*** RECORDS SHOWN Section Begins ***
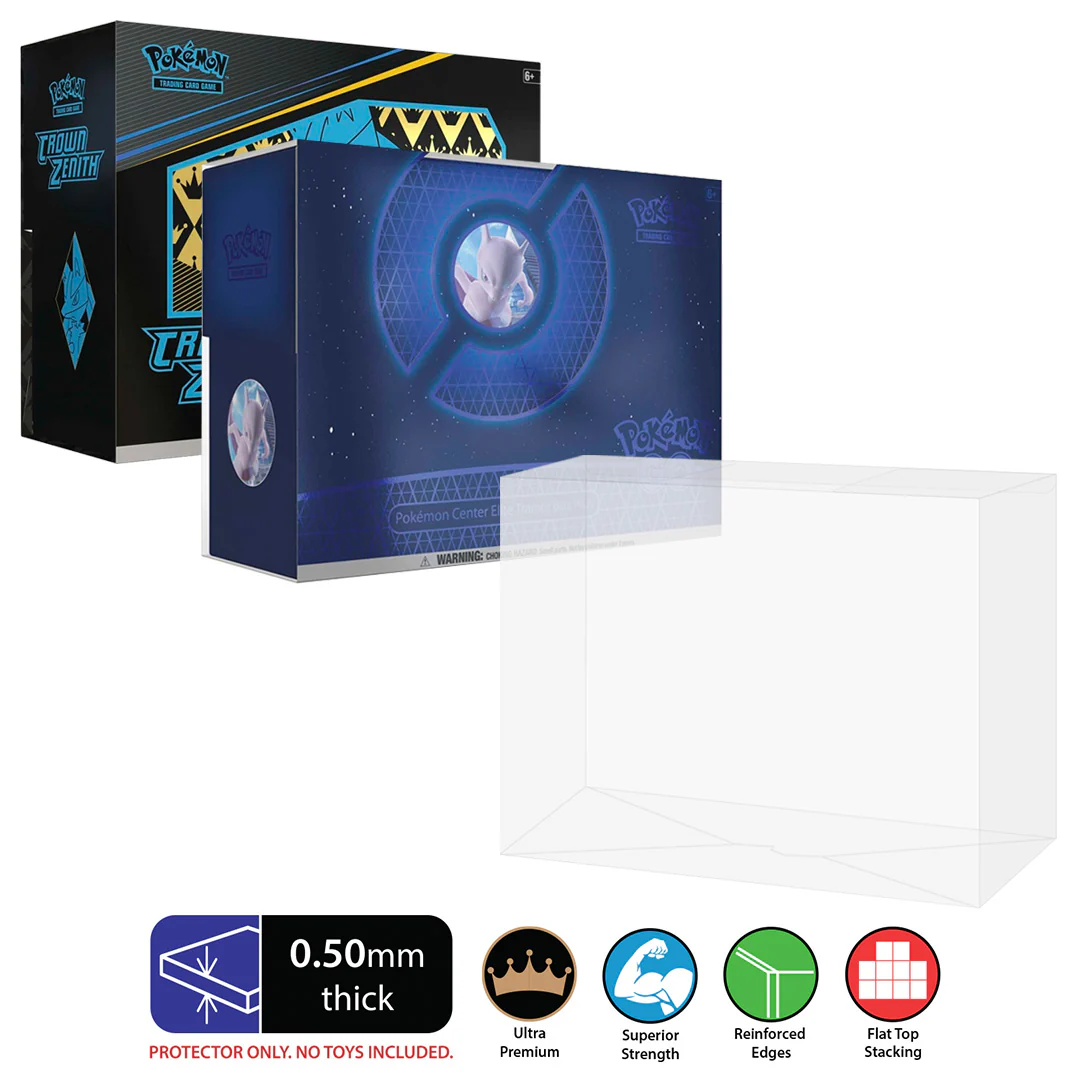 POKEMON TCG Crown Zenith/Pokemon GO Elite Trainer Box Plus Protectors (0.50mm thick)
*** RECORDS SHOWN Section Ends ***
*** RECORDS SHOWN Section Begins ***
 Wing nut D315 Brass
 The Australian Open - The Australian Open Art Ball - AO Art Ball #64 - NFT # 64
*** RECORDS SHOWN Section Ends ***
=== AIM OF THE EXERCISE ===
The response should be the listing above, limited to the lines between the one holding "Wing nut D315 Brass" and the one holding "The Australian Open - The", inclusive, reproduced exactly.

=== THE COMPLETED TASK ===
 Wing nut D315 Brass
 The Australian Open - The Australian Open Art Ball - AO Art Ball #64 - NFT # 64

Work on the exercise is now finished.